From 1 July 2019, businesses will no longer be able to claim a deduction for the following payments:

  • Payments to their employees such as wages where they have not withheld any amount of PAYG

from these payments (i.e., despite the fact the PAYG withholding requirements apply).

  • Payments made by businesses to contractors where the contractor does not provide an ABN and

the business does not withhold any amount of PAYG (despite the withholding requirements applying).

Dilruk’s Comment; Not great for small mum & dad business. Usually, we declare wages at the end of the year with available profit. Now look like we need to declare on quarterly basis to get the tax deduction.

Three-yearly audit cycle for some SMSFs

From 1 July 2019, the Government will change the annual audit requirement to a three-yearly requirement for SMSFs with a history of good record-keeping and compliance. This measure will

reduce red tape for SMSF trustees that have a history of three consecutive years of clear audit reports and that have lodged the fund’s annual returns in a timely manner.

Dilruk’s Comment;

Better for SMSF as they can reduce the annual audit cost. This is only good for good compliance super funds.

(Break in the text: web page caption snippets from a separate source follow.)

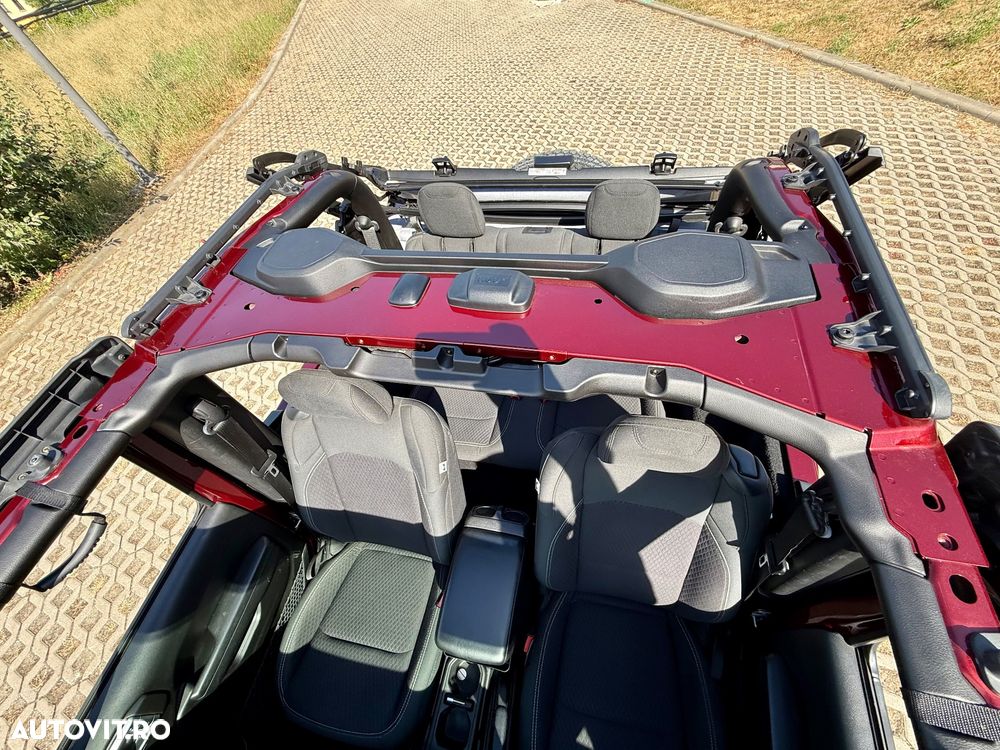 Jeep Wrangler - 27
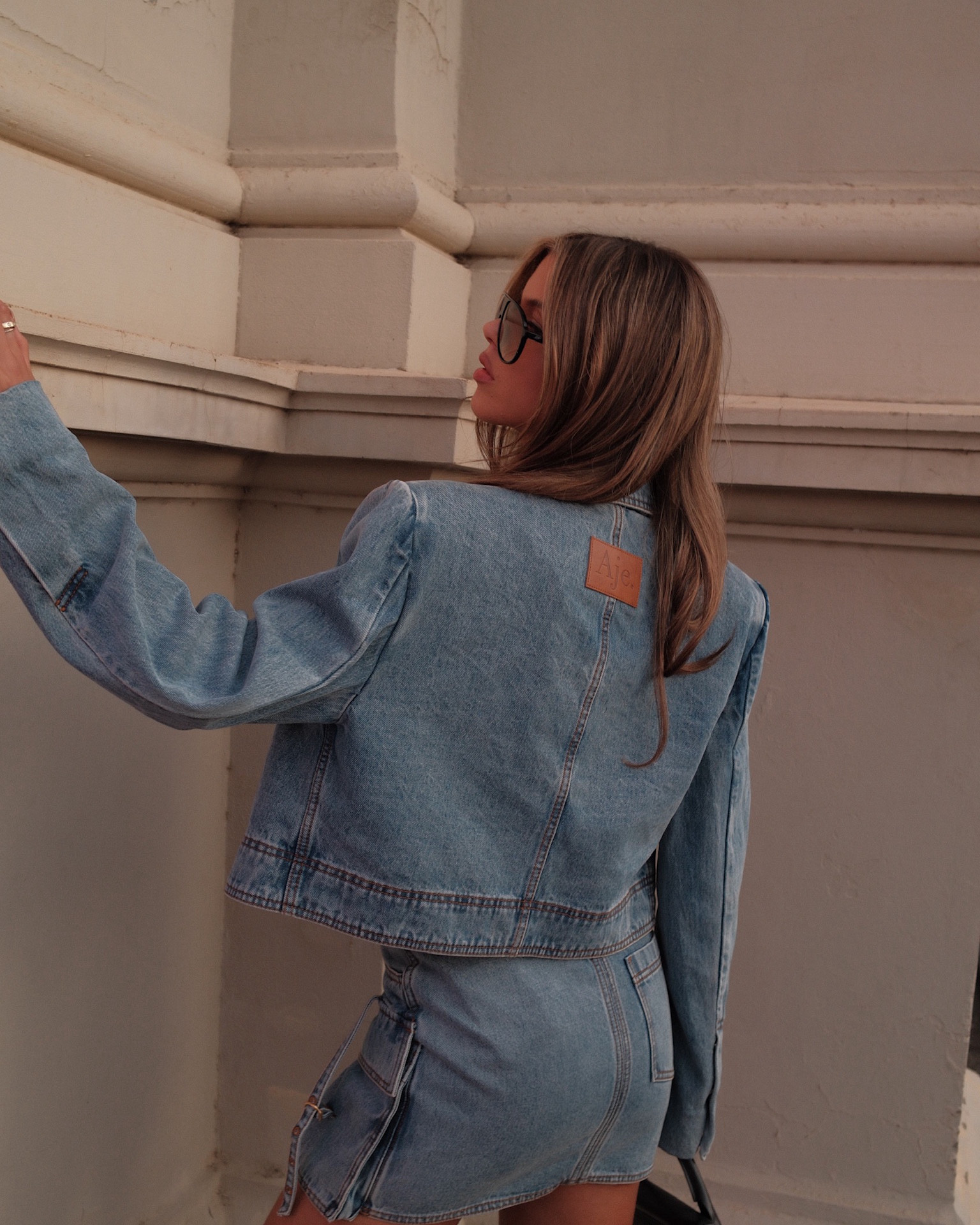 Fashion Week Night 1 outfit !!

The coolest double denim moment by Aje! 
I wear a size 10 in the jacket and a 4 in the mini skirt xx 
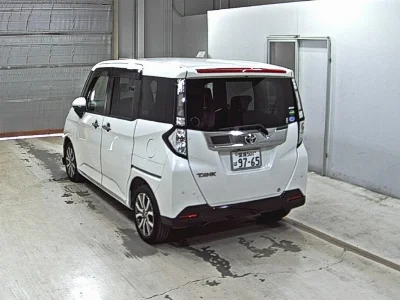 TOYOTA TANK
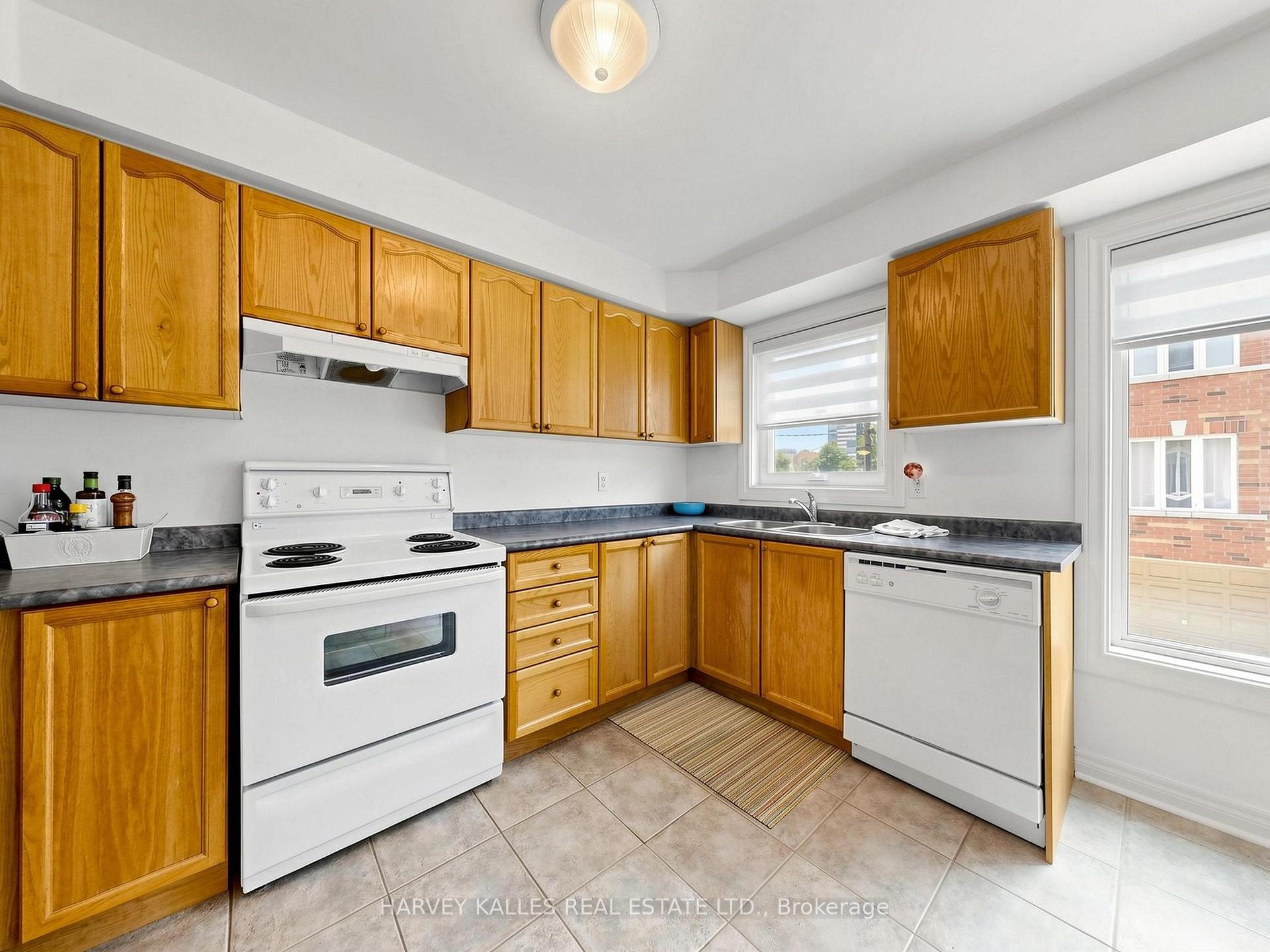 Photo 13 of 10 Lightbourn Avenue, Toronto, Dovercourt-Wallace Emerson-Junction — HOMEH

Deductions denied for vacant land

From 1 July 2019, the Government will deny deductions for expenses associated with holding vacant residential or commercial land, including interest incurred to finance the acquisition of the land. Deductions for expenses associated with holding the land will be available once a property has been constructed on the land, it has received approval to be occupied and is available for rent.

Dilruk’s Comment;

Bad news for property investors, you need to complete your property and available for rent to claim interest deduction.

Compliance activities targeting individuals and their tax agents

The Government will provide $130.8 million to the ATO from 1 July 2018 to increase compliance activities targeting individual taxpayers and their tax agents. The ATO has identified a number of significant compliance issues for individual taxpayers. This measure will continue four income matching programs that would otherwise terminate from 1 July 2018 to allow the ATO to detect incorrect reporting of income, such as foreign source income of high wealth individuals. The measure will also provide funding for new compliance activities, including additional audits and prosecutions, improving education and guidance materials and pre-filling of income tax returns.

Dilruk’s Comment; Challenges to all of us. Regular audit, data matching means ATO could deny your tax claim if you are unable to show proof or work connection. This is where government get their money back. We all wanted to do the right thing, make sure you are covered for tax deduction claim.

This is only a brief what we thought relevant to our clients. Debate will go through parliament and approve by parliament.